"Hey Hey Michael You're Really Fantastic" is a song by Rachel Stamp, released as the second single through WEA. It was released in August 1996 on three formats, CD Single, Limited Edition 12" vinyl of 1000 copies and cassette. A promotional video was also made to promote the release. The song is the only Rachel Stamp track to be released twice as a single, with a limited edition live version of the song being issued in 2000 during the band's "Hymns For Strange Children Tour" of the UK.
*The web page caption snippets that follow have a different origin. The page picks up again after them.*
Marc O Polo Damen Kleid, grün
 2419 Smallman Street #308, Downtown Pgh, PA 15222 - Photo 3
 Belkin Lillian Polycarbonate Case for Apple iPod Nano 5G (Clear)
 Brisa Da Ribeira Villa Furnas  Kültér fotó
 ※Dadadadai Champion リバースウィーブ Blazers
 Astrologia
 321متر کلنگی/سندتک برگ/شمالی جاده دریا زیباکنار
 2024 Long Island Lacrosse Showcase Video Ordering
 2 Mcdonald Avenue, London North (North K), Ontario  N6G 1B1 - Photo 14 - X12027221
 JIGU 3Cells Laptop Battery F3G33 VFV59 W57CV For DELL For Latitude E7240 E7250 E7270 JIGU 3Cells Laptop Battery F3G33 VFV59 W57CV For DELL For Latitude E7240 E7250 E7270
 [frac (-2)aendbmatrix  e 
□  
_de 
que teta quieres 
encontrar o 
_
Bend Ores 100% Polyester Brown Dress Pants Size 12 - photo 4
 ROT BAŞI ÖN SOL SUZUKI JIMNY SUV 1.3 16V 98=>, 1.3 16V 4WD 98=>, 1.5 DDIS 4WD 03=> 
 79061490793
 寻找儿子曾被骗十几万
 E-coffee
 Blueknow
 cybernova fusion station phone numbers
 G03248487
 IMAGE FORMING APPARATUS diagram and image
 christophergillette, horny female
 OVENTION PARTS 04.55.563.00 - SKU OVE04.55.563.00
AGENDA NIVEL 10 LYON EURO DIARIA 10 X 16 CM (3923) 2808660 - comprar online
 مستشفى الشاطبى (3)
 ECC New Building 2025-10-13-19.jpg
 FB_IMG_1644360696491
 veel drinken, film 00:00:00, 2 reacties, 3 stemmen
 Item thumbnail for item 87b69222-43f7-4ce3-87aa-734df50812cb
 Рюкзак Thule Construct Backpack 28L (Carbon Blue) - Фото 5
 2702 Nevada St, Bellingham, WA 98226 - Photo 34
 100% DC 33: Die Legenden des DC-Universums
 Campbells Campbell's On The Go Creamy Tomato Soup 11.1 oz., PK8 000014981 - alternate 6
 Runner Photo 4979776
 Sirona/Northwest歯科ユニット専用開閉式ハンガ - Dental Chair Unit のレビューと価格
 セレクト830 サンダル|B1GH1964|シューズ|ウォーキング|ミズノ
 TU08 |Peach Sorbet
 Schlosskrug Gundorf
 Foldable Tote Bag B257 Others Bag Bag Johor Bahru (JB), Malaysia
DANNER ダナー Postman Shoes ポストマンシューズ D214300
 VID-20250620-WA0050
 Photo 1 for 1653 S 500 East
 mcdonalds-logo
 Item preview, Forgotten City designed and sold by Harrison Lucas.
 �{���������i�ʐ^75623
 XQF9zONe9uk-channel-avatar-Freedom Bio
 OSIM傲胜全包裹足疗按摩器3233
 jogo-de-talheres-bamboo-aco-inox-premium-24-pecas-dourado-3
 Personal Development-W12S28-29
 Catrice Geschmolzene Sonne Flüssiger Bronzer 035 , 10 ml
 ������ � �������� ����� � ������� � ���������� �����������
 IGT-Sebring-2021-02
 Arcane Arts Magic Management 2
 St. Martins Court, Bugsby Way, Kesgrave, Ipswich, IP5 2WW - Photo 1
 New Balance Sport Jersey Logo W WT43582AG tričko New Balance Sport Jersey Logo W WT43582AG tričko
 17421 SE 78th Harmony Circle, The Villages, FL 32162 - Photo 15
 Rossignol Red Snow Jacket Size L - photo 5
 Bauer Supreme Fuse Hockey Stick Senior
CD single, 12" vinyl and cassette
Released 5 August 1996
(WEA049CD/WEA049T/WEA049C 0630-14728-4)

Track listing
 "Hey Hey Michael You're Really Fantastic" (single edit)
 "Science Fiction"
 "n.a.u.s.e.a."

Facts 
 The second single through WEA
 Released on CD, Cassette and a Limited Edition Numbered 12” Vinyl of 1000 copies
 "Science Fiction" was frequently used to open shows at early Rachel Stamp gigs
 The recording of "n.a.u.s.e.a." features Jon Lee of Feeder, on backing vocals
 The tracks included on this single are also on the band's "Sweet Shop" compilation including a full length version of "Hey Hey Michael..."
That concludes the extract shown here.